Jugendzeltplatz Gelterswoog, 18°°: ankommen und Check-In. Um 19°° versammelten sich ca. 80 Jugendliche und junge Erwachsene ab 13 Jahren zur Begrüßung, die alle tatkräftig beim Frühsport und beim anschließenden Impuls mitgemacht haben.
Zur Stärkung gab es um 20°° Frühstück, danach wartete der Bewegungsteil mit vielen verschiedenen Stationen. Einige wagten sich in den Gelterswoog zum Schwimmen und Kanu-Fahren, des weiteren gab es das Kubb-Spiel, Volleyball, Slackline-Parcours, Box-/Fitness-Workshop und ein gemütliches Lagerfeuer.
„Have a break, have a kitkat“ um halb 11....30 Minuten ausspannen war angesagt! Danach begannen die Workshops, wo sich jeder Teilnehmer nach Belieben austoben durfte (Fackeln bauen, Bilder mit fluoreszidierenden Farben malen, Ytong-Steine, Filmen und viiiieles mehr).
1°° - Mittagessen, sodass der nächste Teil des Tags angegangen werden oder wahlweise ein Mittagsschläfchen eingelegt werden konnte.
Nächster Programmteil: Geocaching, Tag(nacht)wanderung, Quer durch die Nacht, 24Stunden-Film aus Berlin in Echtzeit schauen, einfach nur quatschen...für jeden war etwas dabei.
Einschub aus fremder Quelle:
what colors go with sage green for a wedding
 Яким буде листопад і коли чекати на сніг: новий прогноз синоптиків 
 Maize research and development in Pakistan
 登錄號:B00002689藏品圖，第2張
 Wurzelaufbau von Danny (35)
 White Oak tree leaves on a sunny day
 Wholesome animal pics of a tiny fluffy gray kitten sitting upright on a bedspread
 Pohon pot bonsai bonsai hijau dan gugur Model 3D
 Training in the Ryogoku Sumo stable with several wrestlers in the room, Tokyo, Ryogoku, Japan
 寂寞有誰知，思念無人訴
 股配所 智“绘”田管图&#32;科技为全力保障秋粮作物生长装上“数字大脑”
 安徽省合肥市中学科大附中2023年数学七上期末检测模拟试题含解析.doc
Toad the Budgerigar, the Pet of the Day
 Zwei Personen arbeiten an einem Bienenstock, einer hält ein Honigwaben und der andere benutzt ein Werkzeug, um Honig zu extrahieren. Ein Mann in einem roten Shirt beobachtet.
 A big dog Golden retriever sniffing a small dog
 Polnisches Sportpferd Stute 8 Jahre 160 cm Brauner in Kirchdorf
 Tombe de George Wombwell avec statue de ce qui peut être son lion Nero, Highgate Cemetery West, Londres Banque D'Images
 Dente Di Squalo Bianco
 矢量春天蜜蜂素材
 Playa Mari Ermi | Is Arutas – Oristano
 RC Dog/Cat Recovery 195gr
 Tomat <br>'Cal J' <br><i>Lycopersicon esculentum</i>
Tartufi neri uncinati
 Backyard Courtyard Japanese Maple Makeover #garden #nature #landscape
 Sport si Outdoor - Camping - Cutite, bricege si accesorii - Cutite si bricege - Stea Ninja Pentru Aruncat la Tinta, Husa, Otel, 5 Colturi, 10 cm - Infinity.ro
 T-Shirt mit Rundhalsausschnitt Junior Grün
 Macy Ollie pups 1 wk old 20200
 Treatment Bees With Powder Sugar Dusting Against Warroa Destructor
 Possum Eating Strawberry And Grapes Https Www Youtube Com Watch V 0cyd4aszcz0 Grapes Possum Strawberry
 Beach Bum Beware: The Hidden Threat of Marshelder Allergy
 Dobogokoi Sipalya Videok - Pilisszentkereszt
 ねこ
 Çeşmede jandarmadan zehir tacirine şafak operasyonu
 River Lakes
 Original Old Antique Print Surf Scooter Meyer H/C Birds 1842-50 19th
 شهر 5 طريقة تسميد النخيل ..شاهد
Um 4°° war das Nachtspiel und danach Beachparty, die allerdings im Haus stattfand.
Ab 6 Uhr gab es Frühstück, wo jeder zur Ruhe kommen und Erfahrungen austauschen konnte, bis schließlich um 8:30 der Gottesdienst war, der von Andreas Sturm gehalten wurde.
Anschließend begann der Trubel erneut: Zelte abbauen, Hütten auskehren, allgemein Abbauen und „Auf Wiedersehen“-sagen.
Das Fazit fiel einstimmig aus: es war eine tolle Aktion mit Wiederholungsbedarf.